В силу аллегорической природы басен крыловские представители животного мира, в том числе и обладающие властными возможностями, по самой сути обозначения весьма невнятно коррелируют с реальными жизненными ситуациями. Как кажется, принципиально такая же невнятность сохраняется и в современном дискурсе, хотя он и обеспечивается совсем другим путем. А именно не за счет ассоциативного компонента слов, обозначающих животных, но за счет многозначности и гиперонимичности соответствующих обозначений. Приведу примеры. Власть употребить (возможность подчинить) – Хождение во власть (группа людей) – Мы здесь власть (? возможно и одно, и другое). Добавлю еще и то, что власть может быть физической и моральной, опираться на силу или закон (последний тоже может быть писанным и неписанным, причем во втором случае он может пониматься и как «понятия» и как божий). Та же однозначность, далеко не всегда преодолеваемая контекстом, характеризует и слово государство. Кроме значений «страна» и «общественное устройство» это слово в русском языке может обозначать и все общество, и интересы правящей группы: словосочетание действие, направленное против интересов государства может быть понято во всех четырех отмеченных значениях. И слово силовики также остается неопределенным по своему значению уже по причине гиперонимичности обозначения. Неясно, стоит ли за ним «армия», «полиция», «ОМОН», «Росгвардия», «ФСБ», «ЧОП», «ФСИН»…

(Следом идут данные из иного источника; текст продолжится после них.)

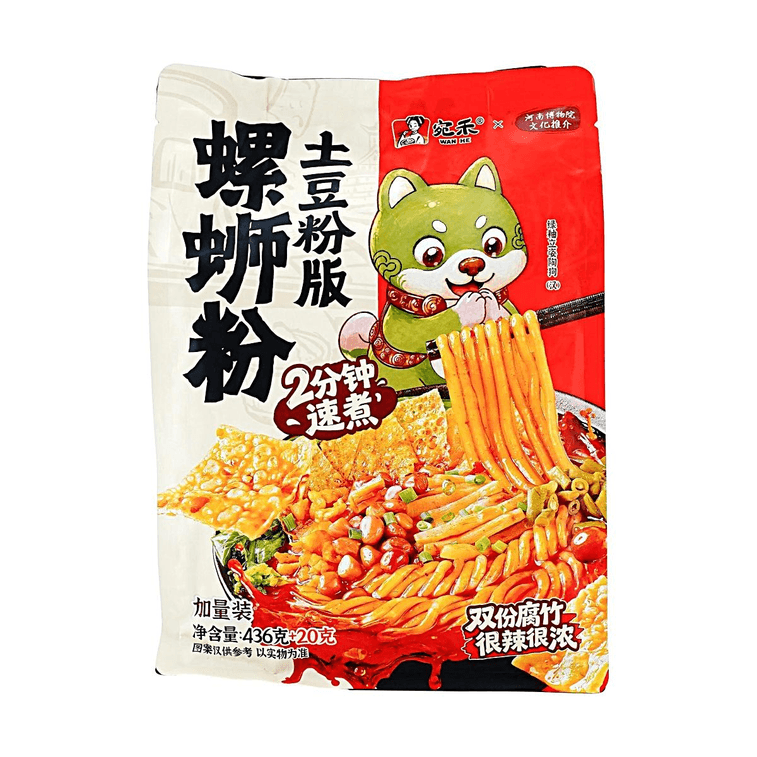 宛禾 土豆粉版螺蛳粉 436g【双份腐竹】【2分钟速煮速食】【线上独家】 6
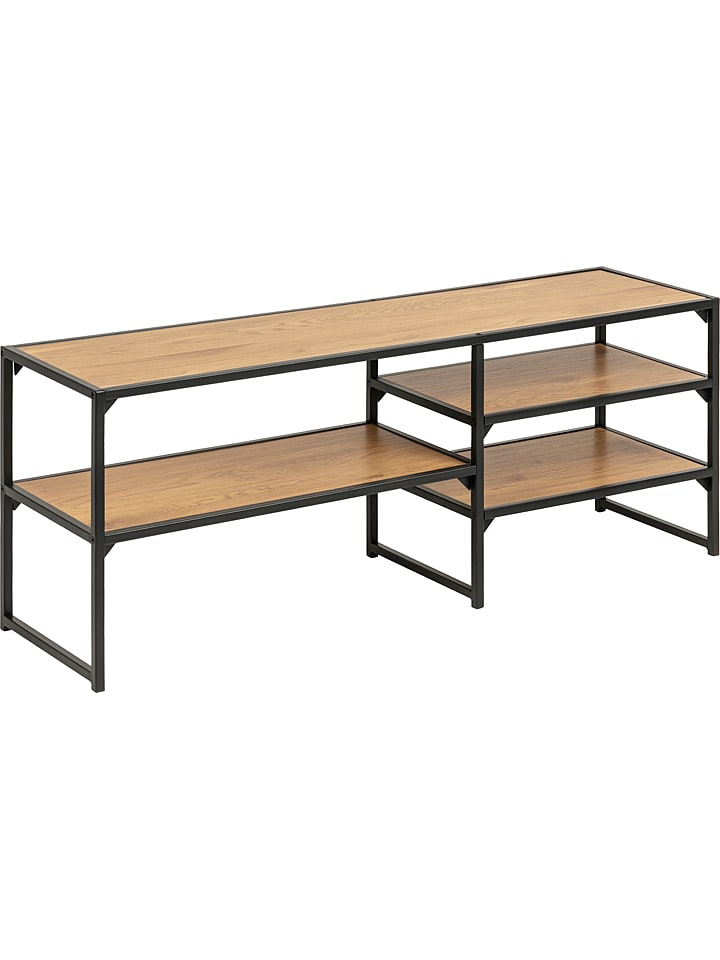 Actona Regał RTV "Seaford" w kolorze jasnobrązowo-czarnym - 120 x 46 x 33 cm rozmiar: onesize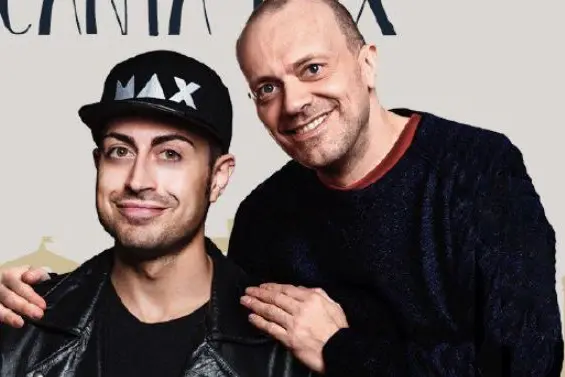 Fabrizio con Max Pezzali (foto concessa)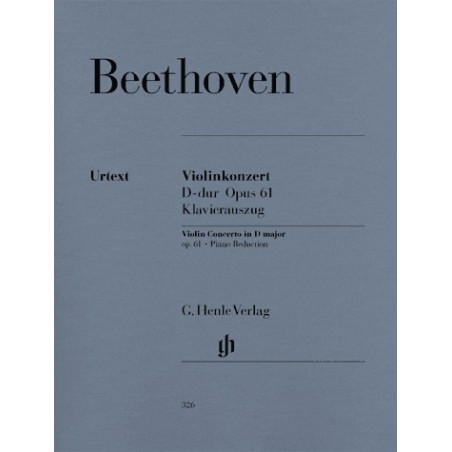 KONZERT FÜR VIOLIN D DUR OP 61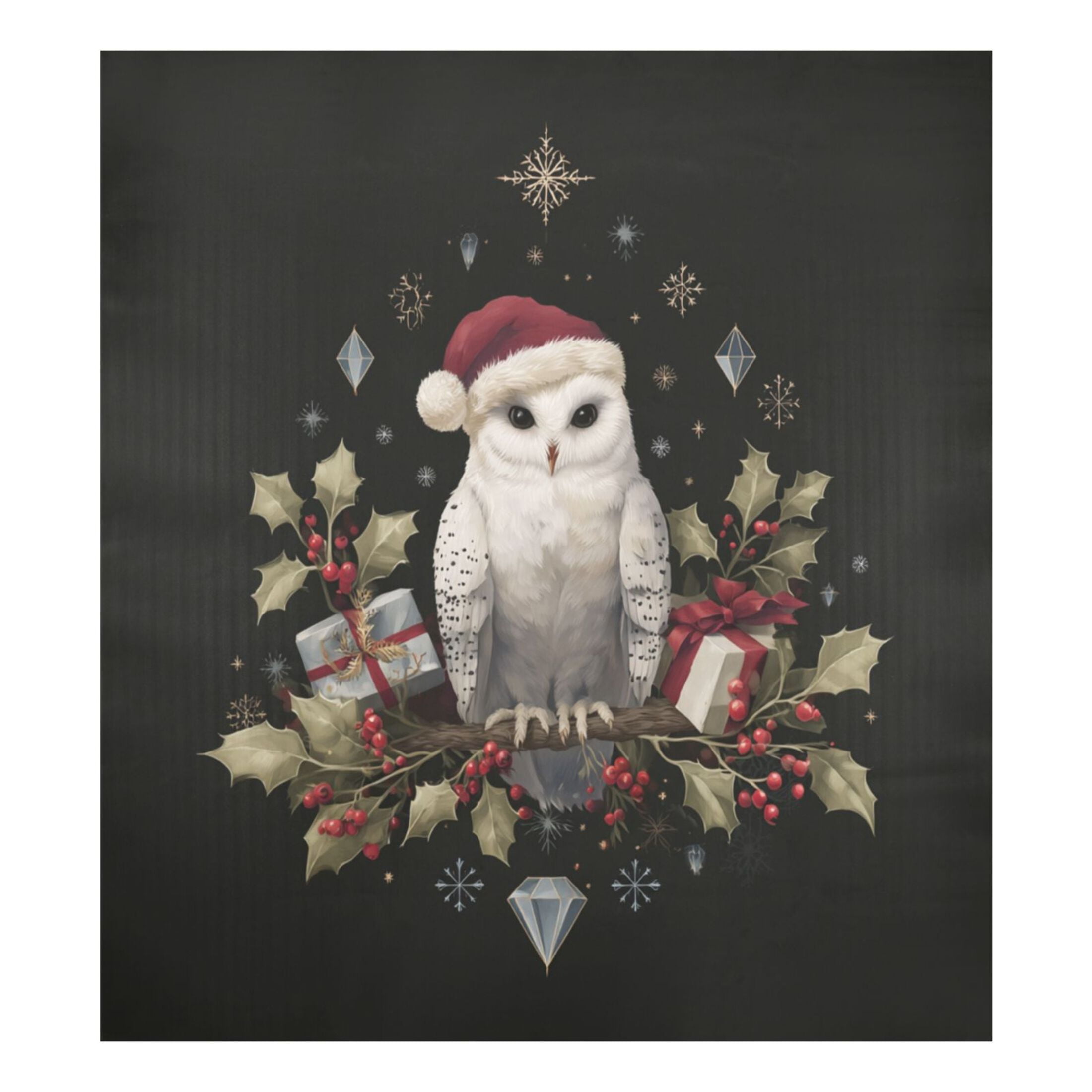 Dishwasher Sticker Magnetic Dishwasher Sticker Magnetic Decorative Sticker Refrigerator Sticker Dishwasher Decorative Stickers Magical Christmas Black Owl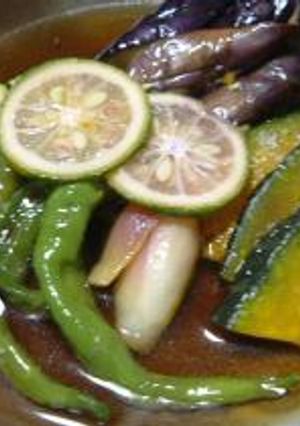 夏野菜の揚げびだし-レシピのメイン写真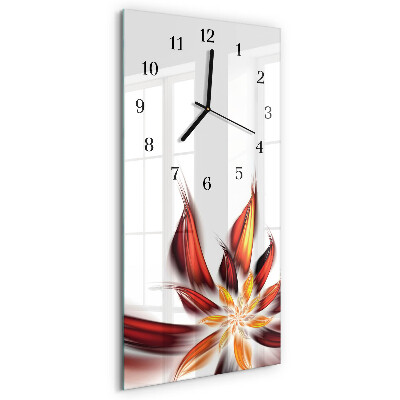 Horloge murale verticale Fleur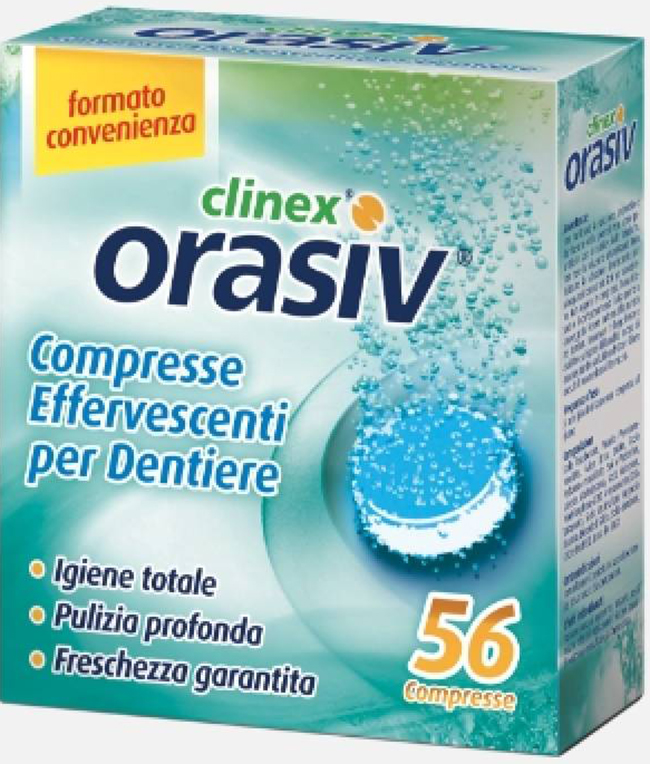 ORASIV CLINEX 56 COMPRESSE EFFERVESCENTI - Farmacia De Pasquale
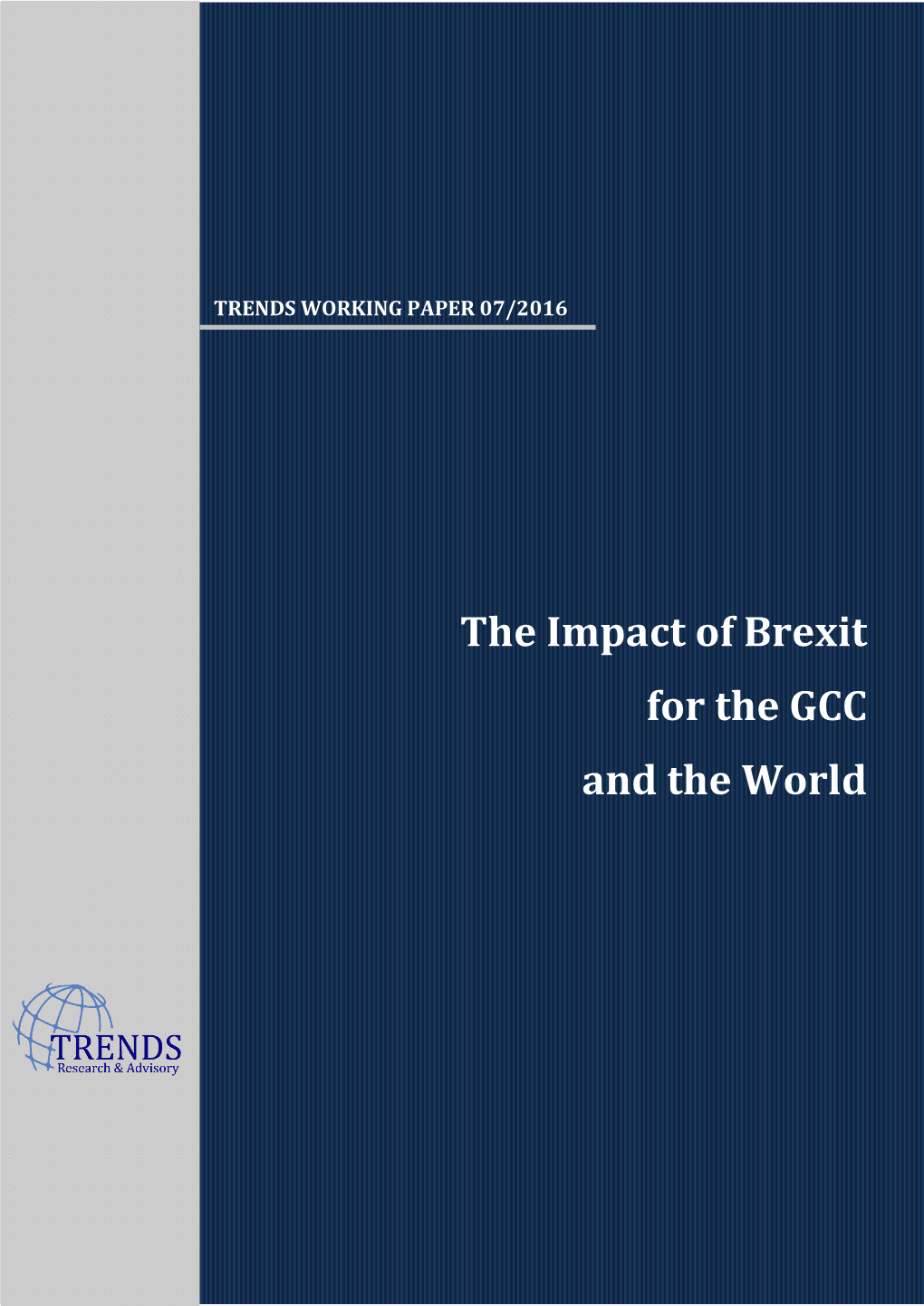 The Impact of Brexit for the GCC and the World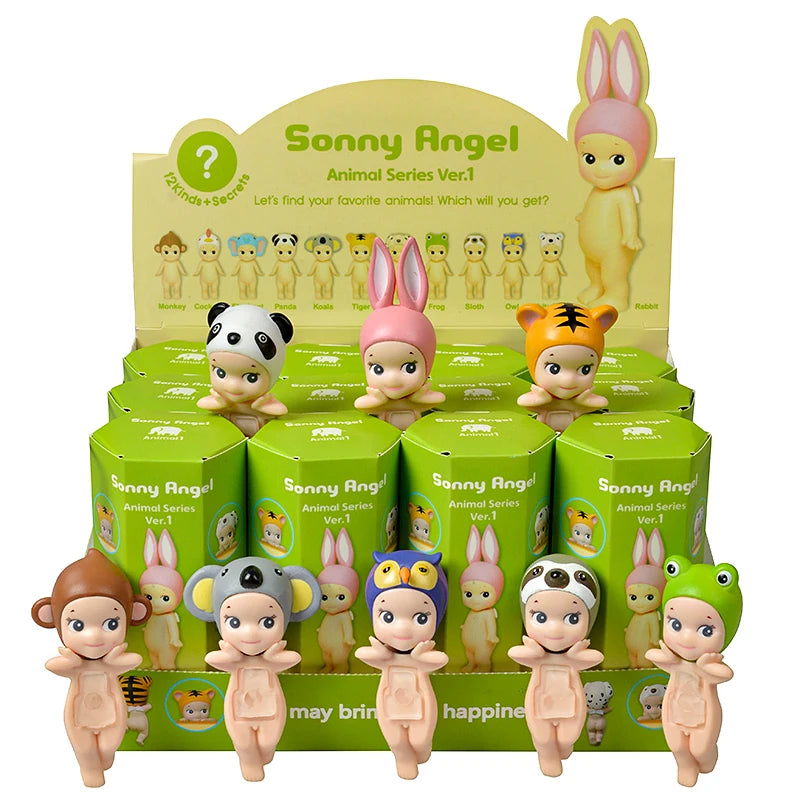 Bandai Nieuwe Engel Fruit Dierenserie Blind Box Animefiguur – Schattige Hippie Pop Voor Kinderen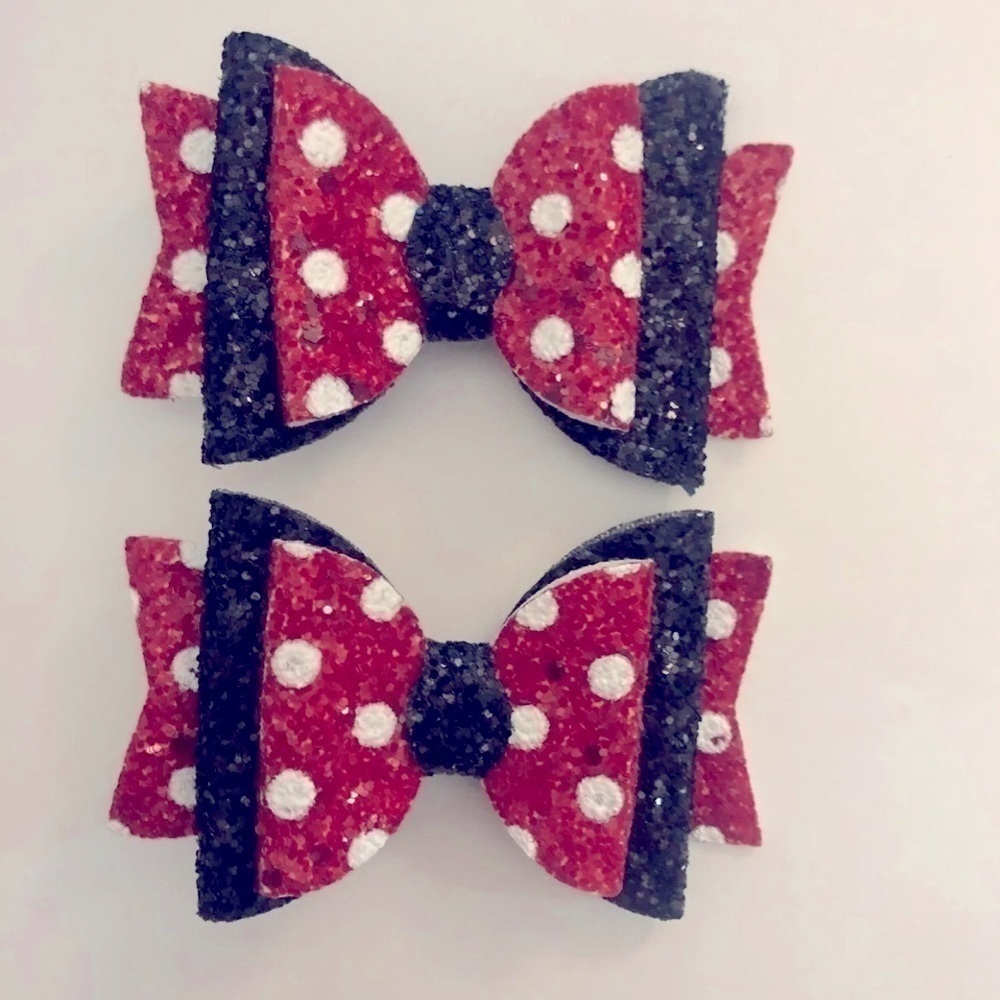 Polka Dots Hair Bow Clip Girls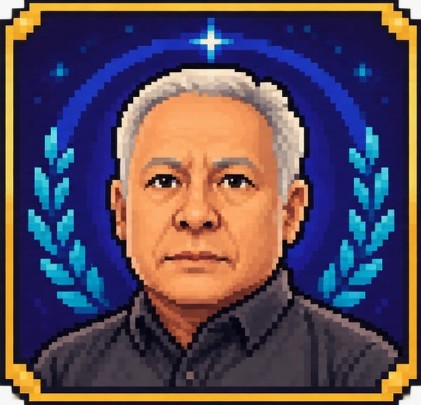 Insignia de José Vladimir Quiroga Rojas
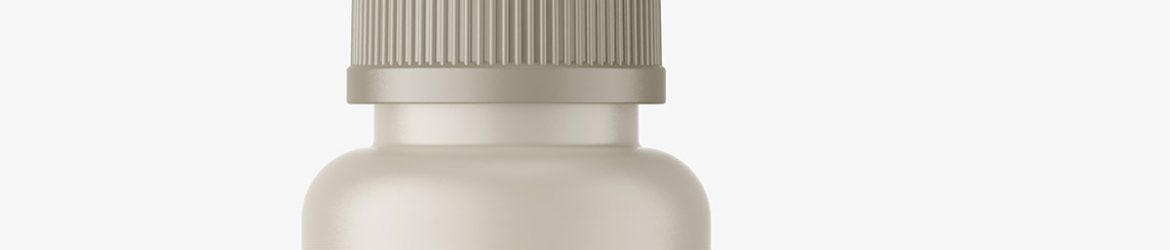 Matt ear spray bottle mockup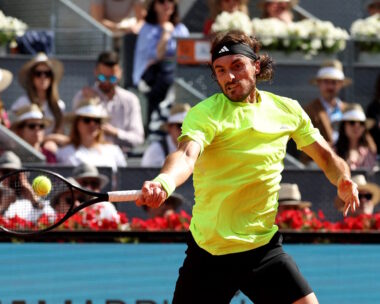 Ο Στέφανος Τσιτσιπάς στο Madrid Open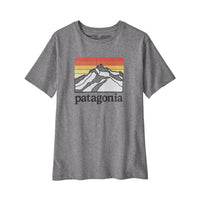 patagonia（パタゴニア）/リジェネラティブオーガニックサーティファイドコットン グラフィックTシャツ/グレー/BOYS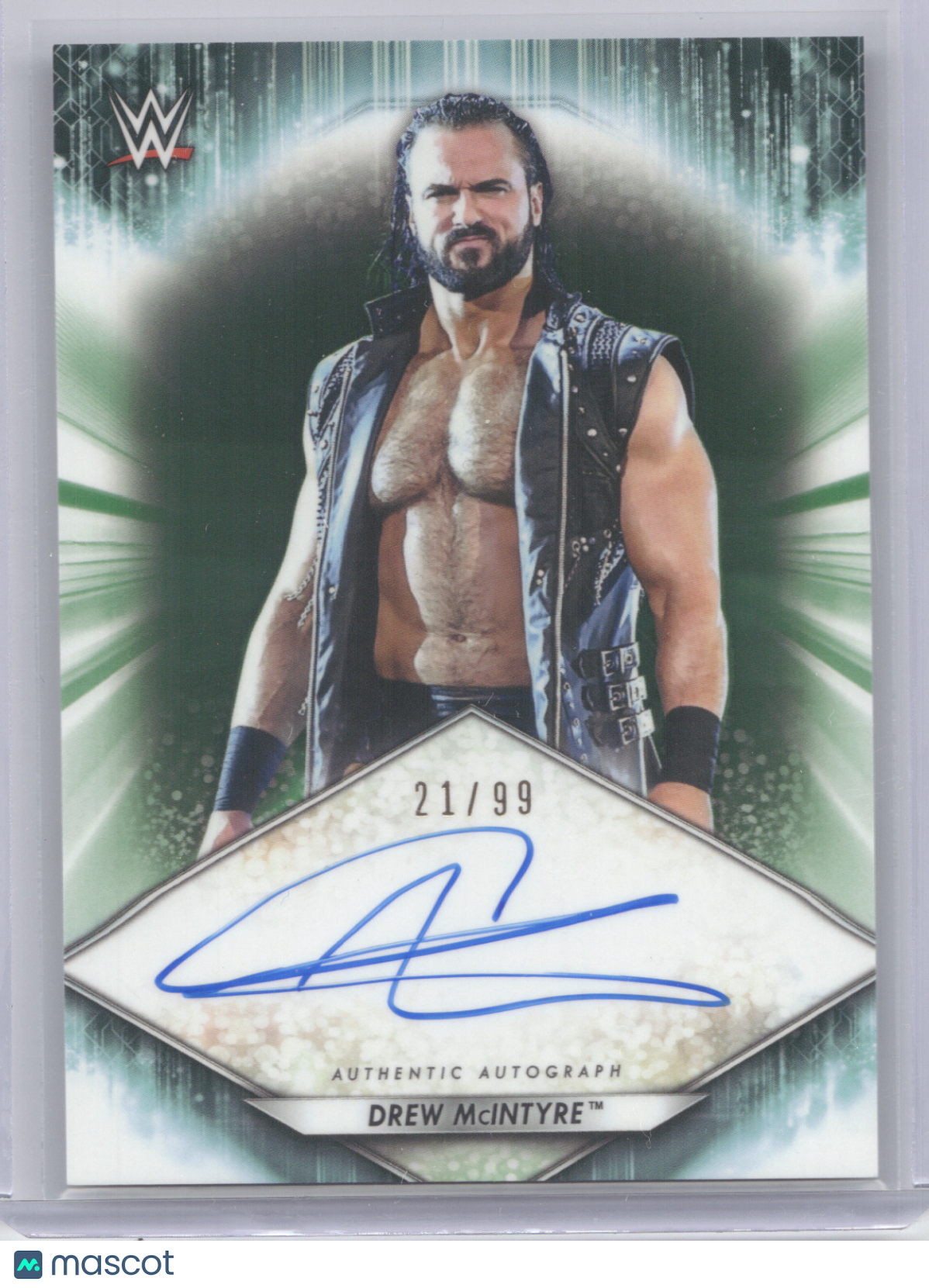 2021 Topps WWE Autograph Drew McIntyre #A-DM 21/99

Однако, и это очень важно, в русском языке «власть» часто вообще никак не обозначается, выступая в качестве отсутствующего субъекта действия в страдательных конструкциях и неопределенно-личных предложениях, разделяя, таким образом, судьбу обозначений либо сил природы и общественно принятых (когда и кем?) установлений: Правительство считает (предлагает, утверждает и т.п.) vs Считают (считается), предлагают (предлагается), утверждают (утверждается).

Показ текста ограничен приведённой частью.